Wednesday, January 02, 2008

Fixed Income Returns for 2007


Clicking the chart above will show the 2007 returns for several fixed income ETFs, including SHY (1-3 yr Treasuries); IEF (7-10 yr Treasuries); TLT (20+ yr Treasuries); and LQD (investment grade corporate bonds).

Two interesting themes emerged over the course of 2007. First, we see an inflection point around mid-year (which also was when we began to see considerable weakness among equities). Up to mid-year, longer-dated debt was underperforming the short end. With the flight to quality and increased concerns over economic weakness, the long end dramatically outperformed the short end in the second half of the year.

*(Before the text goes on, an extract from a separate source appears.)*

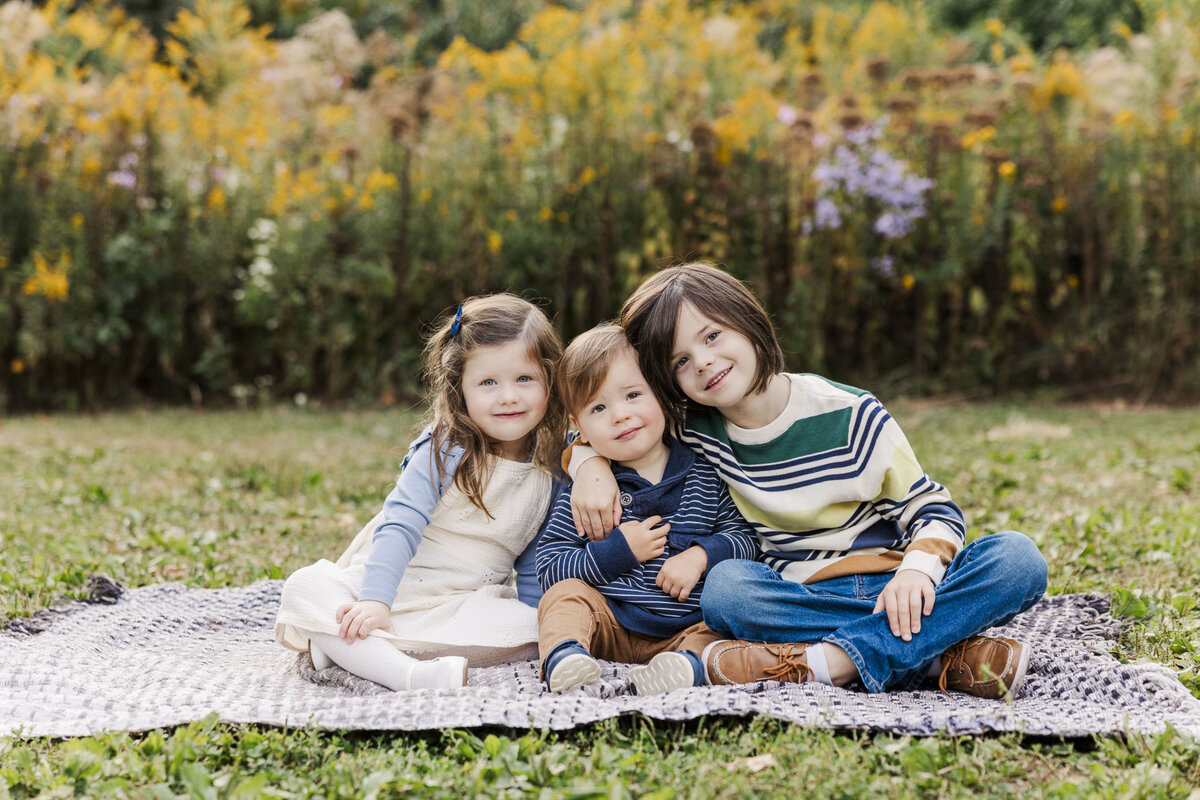 Authentic Hudson Valley family photos in Beacon with playful prompts and candid moments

Second, we can see that Treasuries of all durations posted gains for 2007, but investment grade corporate bonds showed a modest loss. We can also see how the gap in performance between long-dated Treasuries and corporates widened as the year progressed. This reflected risk aversion in the face of credit concerns and economic weakness.

Fixed income traders and investors express their confidence and fears regarding the economy in their purchases and sales of short- and long-dated debt and the distribution of their holdings among Treasuries, investment grade corporates, and higher yielding debt. Understanding the sentiment expressed in these patterns of returns is helpful to traders in fixed income, currency, and equity markets.